Upon reaching our destination we were greeted by the early morning calls of Gambels Quail, and any anxiety we may have had concerning the abundance of game disappeared; after all, the saying "hunting is hunting" is an old and accurate expression, and one never knows if the quarry will cooperate on any given day. They cooperated on this day, though!

It's been a good year for quail and chukar populations, due to the mild winter and timely rain.

Andrew gave us our first shooting lesson as he opened the morning with a "triple" - yes, that's three successive, almost instantaneous shots - and three quail down.

His dad also got one, as I, still in my pre-caffeine stupor, looked on. We walked the washes and canyons, with quail ever in sight or hearing. The father and son team worked in perfect unison - who says you need a dog?

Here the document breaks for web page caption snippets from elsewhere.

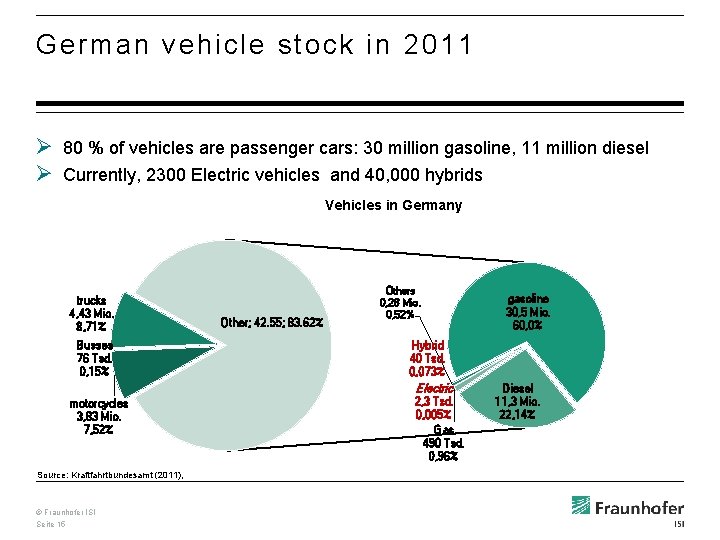 German vehicle stock in 2011 Ø 80 % of vehicles are passenger cars: 30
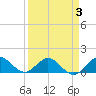 Boca Chita Key tide chart for Sunday, April 3, 2022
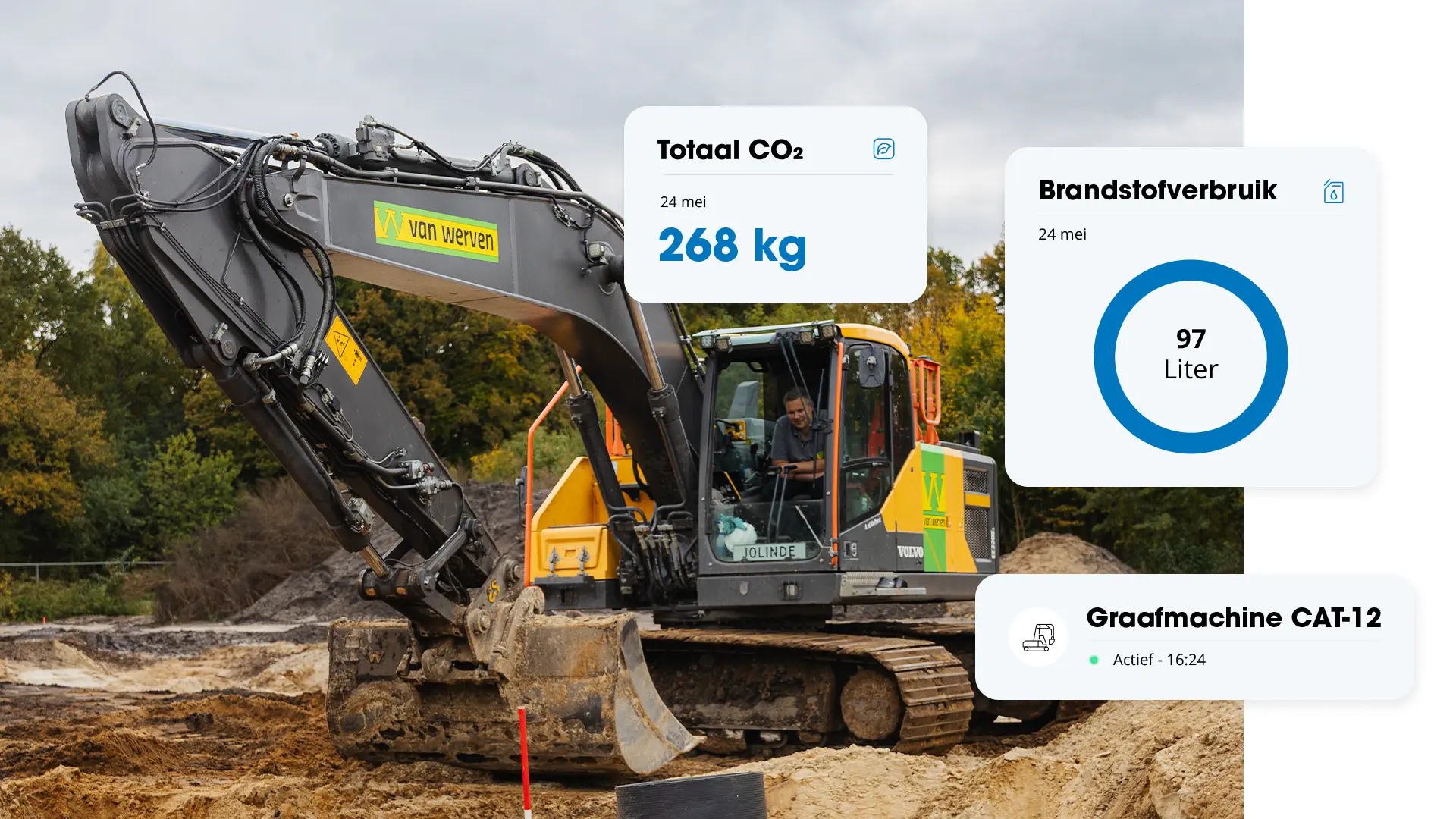 Graafmachine van Van Werven graaft in de grond, met pop-ups voor 268 kg CO&sup2;, 97 liter brandstof en de status van Graafmachine CAT-12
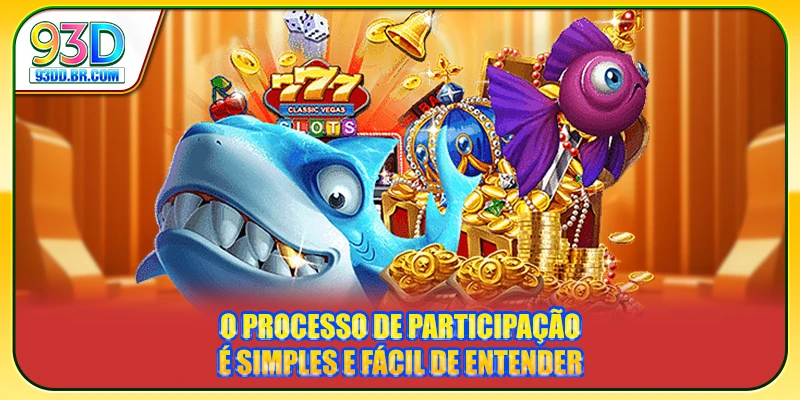 O processo de participação é simples e fácil de entender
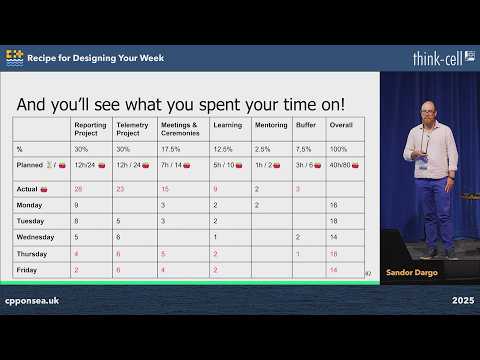 A Recipe for Designing Your Work Week as a Software Engineer - Sandor DARGO - C++ on Sea 2025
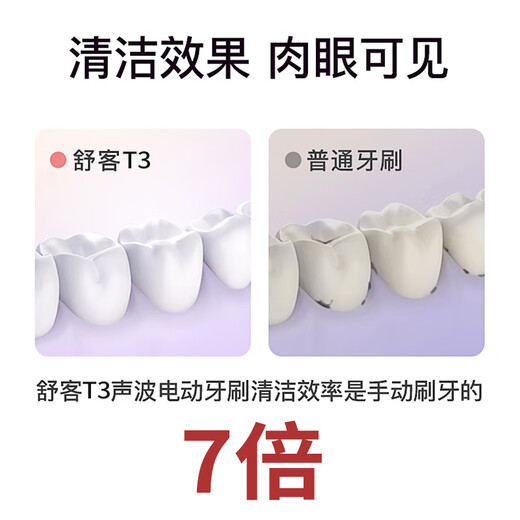 Shuke Couple Electric Toothbrush for Adults/Students for Boyfriend/Girlfriend Soft-bristled Gum Protecting Sonic 5-speed Valentine's Day Birthday Gift National Subsidy T3 White Toothbrush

Old, well-honed skills, accompanied by a pair of energetic young legs, works well too. It was great to see this positive relationship, and a reminder of parenting not often seen in these busy times.

We picked up a few more quail in the washes and then headed for the rocky hills, where chukar were heard calling as if celebrating a beautiful new day.

I was now to have a chukar shooting opportunity - first a "going away shot." followed by a swinging shot to my right; I remember thinking, "cover him, squeeze, follow through," my first ever double on fast-flying chukar. It was a good day.

Coming off the mountain we picked up another covey of quail. We then rested our legs as we enjoyed a tailgate lunch, cold drinks, and a recounting of the morning's events. There were the good shots and the missed; remembering the covey of quail that burst into the air at Jeff's feet with such surprise he was caught off guard and fumbled with the gun safety, as they thundered off.

If you missed opening day, create your own. The season continues, and it's going to be a good one. Try one of your own "secret places," or find some water and cover, take a kid shooting, and discover a new "secret place."

This was not really a story of quail and chukar though; it's about being together, sharing places and events, experience guiding youth and youth inspiring the old hands.

We were able to experience the "cycle of tradition": boys going to the field with fathers and friends; young men demonstrating learned skills, often surpassing their teachers. We recognize the pride of parents and teachers, "that this kid turned out well" - the world will be okay, in spite of what we hear. Young people need us, but we need their inspiration and reassurance even more.

The moral of this story: hunt opening days, have "secret places," go with a friend and take a kid with you. The cycle is alive and well.

What's new

Here's something for my fellow traveling wing-shooters and other fine fellows. Shotshell, Inc. has created an excellent aluminum thermos in the shape of a one-gauge shotgun shell in red, black or green, with a brass base of course.

I found it appropriate on this last hunt; it has a three-cup capacity, a one-touch stopper, and was exactly what was needed to steady my hand for that "double" on chukar.

This is a really neat item, a great conversation piece, and a welcome gift for that person that has not quite everything. You can see this and other products at www.shotshell, or give Terry or Brenda a call at 888-300-9667.

Recipe of the week

Dutch Oven Chukar with Elderberry Glaze

This recipe is one that Jeff discovered while hunting up in the Rubies, in Northern Nevada, many years back. He's agreed to share this with us and I'm looking forward to his bringing by a sample from our recent harvest.

For this recipe bring back four plump chukar, then you'll need: salt & pepper to season birds; 1 cup flour for dusting the birds; 3 tbs olive oil; 1 shallot, finely diced; 2 cloves of garlic, minced; 1 cup elderberries, crushed; 1 tbs brown sugar; 1 tsp dried rosemary; 1 cup red wine; 1 cup balsamic vinegar; 1 can beef broth; 2 tbs cold butter.

Begin by browning seasoned chukar on both sides in a well oiled Dutch oven.

Remove from the coals and add shallots, garlic, elderberries, sugar, rosemary, red wine, balsamic vinegar and beef broth.

Place a lid on the Dutch oven; cover with coals and let sit for 1 hour, then carefully lift the lid and add cold butter while stirring. Let sit for 10 minutes and enjoy with some wild rice and a nice Caesar salad.